Freunde

Ich schrieb hier schon einmal etwas zum Thema Freundschaften; zu den Kontakten in meiner Kindheit und Jugend sowie dem Kontaktabbruch zu meiner besten Freundin. Das ganze Thema macht mir immer wieder Gedanken. Ich erinnere mich zurück, als eine Mitschülerin aus der Berufsschule mir sagte: „Ich bin nicht der Typ Mensch für Freundschaften.“ Das brachte meine eigene Gefühlswelt ganz gut auf den Punkt. Ich denke nämlich, dass ich auch nicht dieser Typ von Mensch bin.

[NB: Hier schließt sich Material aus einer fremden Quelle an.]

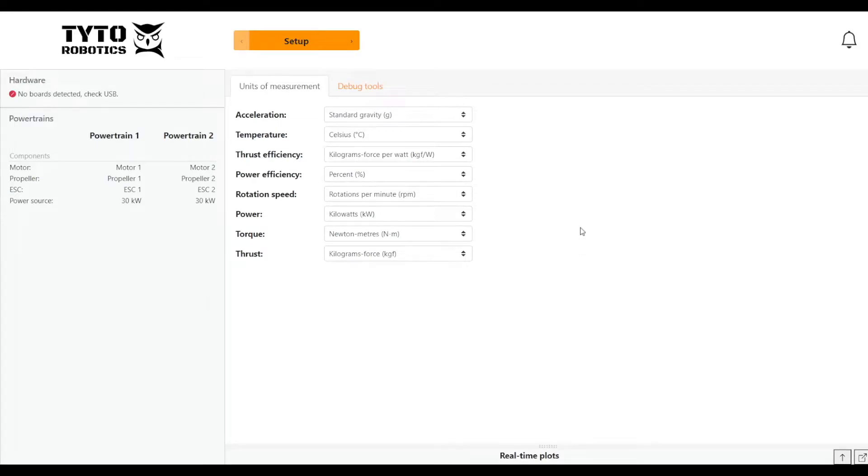Hi guys, this is Lauren from Tidal Robotics. Today I'm going to be taking you through a basic tutorial on how to use our FlightStand software.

Ich drehe und wende das Blatt redensartlich, betrachte es von allen Seiten, analysiere bis ins kleinste Detail. Immer wieder versuche ich klassische Freundschaften zu erhalten, aber vielleicht ist es an der Zeit, dass ich meinen Istzustand akzeptiere.

Immerzu versuche ich die Fehlerquelle zu finden, die Gründe für meine fehlenden Freundschaften. Ich meine hier Freundschaften im klassischen Sinne, aber dazu schreibe ich an späterer Stelle noch mehr. Ich frage mich, ob ich als Person zu langweilig bin, ob ich zu wenig Interesse an anderen Menschen und gemeinsamen Treffen zeige, ob etwas in meiner Kommunikation fehlt, ob es an meinem vorhandenen Hund liegt, ob ich zu problembeladen auf andere Leute wirke. Noch immer habe ich das Gefühl, dass mir dieser innere Magnet fehlt. Der Magnet, der andere Menschen anzieht oder abstößt. Mir fehlt dieser Magnet.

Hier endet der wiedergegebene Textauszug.